Mainfreight suffers weakening Australian margins


NZ international firm feels costs burden outweighing revenue rises

Mainfreight suffers weakening Australian margins
Mainfreight is pushing on despite headwinds.

 

Mainfreight is working to reduce its Australian transport business costs and expects to see the fruits of that effort in the next financial year.

Australian sales revenues rose 2.6 per cent over the previous year to A$503.26 but gross earnings were down 8.2 per cent to A$34.20 million, the New Zealand-based company reveals in its full-year results – a percentage performance effectively reversed in its US business.

In contrast, group revenue was up 11.2 per cent to NZ$2.28 billion (A$2.13 billion), gross earnings were a record NZ$174.84 million and net profits were up nearly 3 per cent to NZ$87.6 million from NZ$82.5 million.

"Positive revenue growth in Australia was outweighed by weaker gross margin performance and overhead cost increases," it says, adding: "Concerted efforts to drive sales growth and to secure better control of costs during the latter part of the financial year, achieved improvements which will carry forward into the 2017 financial year."

Mainfreight notes its new Melbourne and Perth facilities are now occupied.

In the former, warehouse utilisation ahead of expectations but transport has only just moved in.

For Perth, managers are improving quality and capacity performance.

Meanwhile, the domestic software upgrade is to be completed after New Zealand implementation.

The transport-arm’s woes were not reflected in its logistics and air and ocean businesses, where the opposite was the case, though it recognises room for improvement.

"The Logistics team has attracted a number of higher-profile, high-activity warehousing customers during this period, improving our utilisation levels," Mainfreight says.

"The Air & Ocean business has also concentrated on the Mainfreight global network for trade-lane activity.
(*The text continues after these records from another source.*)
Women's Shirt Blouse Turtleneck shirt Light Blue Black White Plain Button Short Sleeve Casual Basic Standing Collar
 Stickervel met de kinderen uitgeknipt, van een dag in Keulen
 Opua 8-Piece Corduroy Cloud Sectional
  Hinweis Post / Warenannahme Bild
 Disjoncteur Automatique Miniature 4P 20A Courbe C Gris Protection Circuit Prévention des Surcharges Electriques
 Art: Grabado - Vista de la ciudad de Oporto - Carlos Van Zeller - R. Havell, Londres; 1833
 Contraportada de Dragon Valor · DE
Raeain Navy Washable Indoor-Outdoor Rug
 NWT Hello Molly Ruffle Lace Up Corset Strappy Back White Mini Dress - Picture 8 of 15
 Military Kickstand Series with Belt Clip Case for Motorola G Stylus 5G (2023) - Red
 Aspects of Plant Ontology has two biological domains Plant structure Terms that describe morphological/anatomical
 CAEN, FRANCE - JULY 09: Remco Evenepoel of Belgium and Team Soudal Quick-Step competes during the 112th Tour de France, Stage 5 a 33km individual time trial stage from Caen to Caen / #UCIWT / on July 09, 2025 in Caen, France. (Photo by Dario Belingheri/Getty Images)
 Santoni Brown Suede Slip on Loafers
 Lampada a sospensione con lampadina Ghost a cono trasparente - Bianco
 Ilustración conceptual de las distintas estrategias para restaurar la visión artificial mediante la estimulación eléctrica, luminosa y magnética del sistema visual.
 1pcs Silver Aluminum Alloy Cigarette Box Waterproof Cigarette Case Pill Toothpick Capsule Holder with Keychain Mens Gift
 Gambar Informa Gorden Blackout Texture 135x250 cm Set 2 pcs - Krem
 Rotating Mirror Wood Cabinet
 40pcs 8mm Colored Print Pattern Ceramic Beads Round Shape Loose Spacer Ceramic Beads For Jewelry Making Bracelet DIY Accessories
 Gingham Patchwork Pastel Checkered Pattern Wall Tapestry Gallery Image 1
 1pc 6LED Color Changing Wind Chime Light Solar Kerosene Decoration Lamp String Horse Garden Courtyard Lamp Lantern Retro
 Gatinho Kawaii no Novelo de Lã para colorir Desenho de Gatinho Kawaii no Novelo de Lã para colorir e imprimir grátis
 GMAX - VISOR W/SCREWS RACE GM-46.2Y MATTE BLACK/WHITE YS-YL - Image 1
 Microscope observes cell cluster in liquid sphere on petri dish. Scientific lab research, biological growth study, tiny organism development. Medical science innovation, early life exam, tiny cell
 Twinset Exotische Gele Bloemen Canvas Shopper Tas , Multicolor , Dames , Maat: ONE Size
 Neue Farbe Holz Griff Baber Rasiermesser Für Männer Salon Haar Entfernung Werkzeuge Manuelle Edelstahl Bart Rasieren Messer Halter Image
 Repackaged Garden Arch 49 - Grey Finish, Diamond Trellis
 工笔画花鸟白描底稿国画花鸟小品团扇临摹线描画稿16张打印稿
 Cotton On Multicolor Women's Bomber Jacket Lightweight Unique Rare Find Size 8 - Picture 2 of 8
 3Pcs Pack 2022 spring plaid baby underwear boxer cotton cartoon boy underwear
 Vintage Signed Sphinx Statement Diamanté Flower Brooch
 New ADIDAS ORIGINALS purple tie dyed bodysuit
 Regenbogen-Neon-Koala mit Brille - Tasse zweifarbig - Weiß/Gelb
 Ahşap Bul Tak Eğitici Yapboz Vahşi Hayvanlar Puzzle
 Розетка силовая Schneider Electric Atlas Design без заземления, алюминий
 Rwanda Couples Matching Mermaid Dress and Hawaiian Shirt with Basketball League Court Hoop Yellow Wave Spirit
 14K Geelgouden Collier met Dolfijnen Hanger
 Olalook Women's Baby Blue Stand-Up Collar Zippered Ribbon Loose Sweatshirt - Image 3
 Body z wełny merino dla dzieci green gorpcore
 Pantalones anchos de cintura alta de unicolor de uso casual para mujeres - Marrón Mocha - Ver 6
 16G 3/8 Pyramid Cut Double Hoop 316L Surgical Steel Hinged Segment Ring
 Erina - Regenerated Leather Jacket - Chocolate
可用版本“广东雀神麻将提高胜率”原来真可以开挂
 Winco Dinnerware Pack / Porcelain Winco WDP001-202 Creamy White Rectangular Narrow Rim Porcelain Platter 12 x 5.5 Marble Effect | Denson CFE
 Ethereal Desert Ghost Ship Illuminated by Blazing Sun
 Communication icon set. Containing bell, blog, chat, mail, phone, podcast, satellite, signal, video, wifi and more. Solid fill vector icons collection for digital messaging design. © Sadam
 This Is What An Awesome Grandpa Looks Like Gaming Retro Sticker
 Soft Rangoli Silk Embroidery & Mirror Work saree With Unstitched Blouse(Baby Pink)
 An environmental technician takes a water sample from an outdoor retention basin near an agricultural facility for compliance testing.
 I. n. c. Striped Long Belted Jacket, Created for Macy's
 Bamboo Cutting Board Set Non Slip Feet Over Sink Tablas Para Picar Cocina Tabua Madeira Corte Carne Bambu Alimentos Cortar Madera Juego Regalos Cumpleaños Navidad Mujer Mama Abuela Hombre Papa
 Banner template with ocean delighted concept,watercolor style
Their control of European import freight has allowed us to open a new operation in the United Kingdom.

New facilities in Perth and Melbourne have provided high-quality capability for future growth.

"Melbourne’s Epping facility is our largest ever investment in buildings, both in terms of scale and value.

"Lifting the level of quality in the Australian market remains a significant goal.

We are positive about our growth prospects in Australia.

"Our market share remains small in comparison to the incumbents; a focus on high quality freight services will see further growth achieved."